--- Dataset records Enclosed Below ---

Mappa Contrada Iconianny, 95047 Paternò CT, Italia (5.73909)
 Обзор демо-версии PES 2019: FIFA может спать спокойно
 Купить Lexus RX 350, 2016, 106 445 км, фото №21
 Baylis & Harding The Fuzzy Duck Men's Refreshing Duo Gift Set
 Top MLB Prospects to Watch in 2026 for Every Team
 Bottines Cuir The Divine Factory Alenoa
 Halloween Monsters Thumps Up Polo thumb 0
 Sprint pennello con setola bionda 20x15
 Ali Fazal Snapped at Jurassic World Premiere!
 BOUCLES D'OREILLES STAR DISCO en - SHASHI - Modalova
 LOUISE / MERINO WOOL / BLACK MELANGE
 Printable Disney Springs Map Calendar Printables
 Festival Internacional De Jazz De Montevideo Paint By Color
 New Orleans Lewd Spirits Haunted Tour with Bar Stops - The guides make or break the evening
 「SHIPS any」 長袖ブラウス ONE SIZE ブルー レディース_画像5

--- End of Enclosed Dataset records ---

■ Activity
One inclusive range is required: first line of the data through the line containing "Ali Fazal Snapped". Set it down exactly and output nothing else.

■ Completed task
Mappa Contrada Iconianny, 95047 Paternò CT, Italia (5.73909)
 Обзор демо-версии PES 2019: FIFA может спать спокойно
 Купить Lexus RX 350, 2016, 106 445 км, фото №21
 Baylis & Harding The Fuzzy Duck Men's Refreshing Duo Gift Set
 Top MLB Prospects to Watch in 2026 for Every Team
 Bottines Cuir The Divine Factory Alenoa
 Halloween Monsters Thumps Up Polo thumb 0
 Sprint pennello con setola bionda 20x15
 Ali Fazal Snapped at Jurassic World Premiere!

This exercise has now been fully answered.